The Company and certain of its subsidiaries are defendants in various
other litigation matters arising in the ordinary course of business,
some of which involve claims for damages that are substantial in
amount. Some of these litigation matters are covered by insurance.
In the opinion of management, adequate provisions (less than
$1,500,000 in the aggregate) have been made for losses with respect
to all litigation matters (including with respect to the above-
described suit), where appropriate, and the ultimate resolution of
all such litigation matters is not likely to have a material effect
on the consolidated financial position of the Company. Due to the
Company's modest and fluctuating net earnings (loss), it is not
possible to predict whether the resolution of these matters is likely
to have a material effect on the Company's consolidated net earnings
(loss), and it is, therefore, possible that the resolution of these
matters could have such a material effect in any future quarter or
annual fiscal period.
10
Part I. Financial Information, continued
Item 2. Management's Discussion and Analysis of Financial Condition and
Results of Operations:
The following discussion and analysis covers any material changes in
financial condition since December 31, 1994 and any material changes in
the results of operations for the three and six months ended June 30,
1995 as compared to the same periods in 1994. This discussion and
analysis should be read in conjunction with "Management's Discussion and
Analysis of Financial Condition and Results of Operations" included in
the 1994 Annual Report to Shareholders.
Operating Results:
Operating properties:
Revenues from retail centers increased $3,931,000 and $3,854,000 while
total operating and interest expenses decreased $1,984,000 and $5,022,000
for the three and six months ended June 30, 1995 as compared to the same
periods in 1994. The increases in revenues are attributable to the
operations of expansions opened in August 1994 and March 1995, increased
tenant lease cancellation payments, and higher effective rents on re-
leased space. These increases have been partially offset by lower
recoveries of operating expenses, as discussed below, and the
dispositions of properties in the first quarter of 1994 and second
quarter of 1995. The decreases in expenses are attributable to these
dispositions, lower recoverable expenses as a result of operating expense
reduction efforts and milder winter conditions experienced in the
Northeast and lower interest expense due to debt restructurings and
refinancings completed in 1994. These decreases were partially offset by
an increase in expenses associated with the operations of the expansions
referred to above.
Revenues from office, mixed-use and other properties increased $136,000 and
$456,000 and total operating and interest expenses decreased $800,000 and
$154,000 for the three and six months ended June 30, 1995 as compared to
the same periods in 1994. The increases in revenues are attributable
primarily to higher occupancy at certain hotel and office properties in
Columbia and tenant lease cancellation payments. These increases have
been partially offset by increased vacancy at a mixed-use project.
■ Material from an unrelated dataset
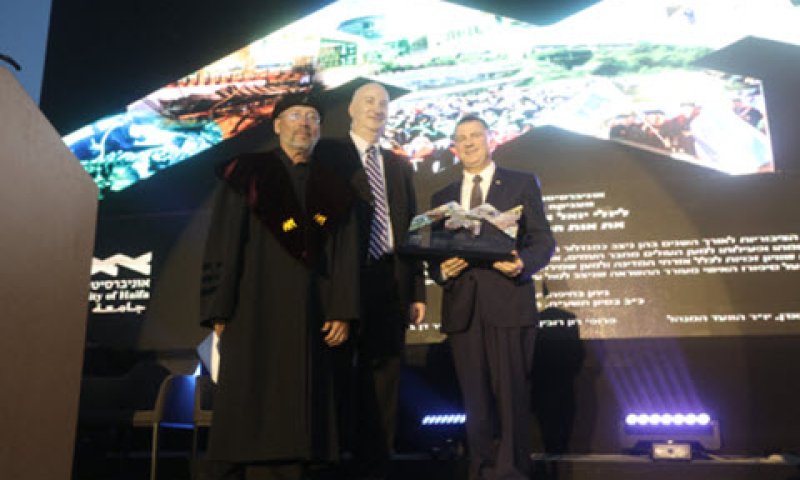 יולי אדלשטיין מקבל את אות המנהיגות של אוניברסיטת חיפה ממולי אדן, יו"ר הוועד המנהל ואיש העסקים נתן חץ [צילום: אוניברסיטת חיפה]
The
decreases in total operating and interest expenses are attributable
primarily to lower depreciation expense as the Company discontinued
depreciating an industrial building it intends to sell. These decreases
are partially offset by expenses at two industrial buildings in Columbia
which opened in the second quarter of 1994 and higher interest expense on
a mixed-use project. Interest on the project loan was lower in the first
quarter of 1994 because the Company exercised an option in the loan
agreement to make a specified payment and reduce the effective interest
rate on the loan retroactive to the beginning of its term. The payment
was less than the interest previously accrued, and the difference was
recorded as a reduction to interest expense in the quarter.
Land sales:
Revenues from land sales decreased $4,096,000 and $4,473,000 and total
costs and expenses decreased $2,324,000 and $3,182,000 for the three and
six months ended June 30, 1995, as compared to the same periods in 1994.
11
Part I. Financial Information, continued
Item 2. Management's Discussion and Analysis of Financial Condition and
Results of Operations:
The decreases in revenues relate to lower sales of land for commercial/
other uses in Columbia. The decreases in costs and expenses is
attributable primarily to decreased costs of sales due to lower sales
revenues.
Development:
These costs consist primarily of additions to the pre-construction reserve
and new business costs. The pre-construction reserve is maintained to
provide for costs of projects which may not go forward to completion.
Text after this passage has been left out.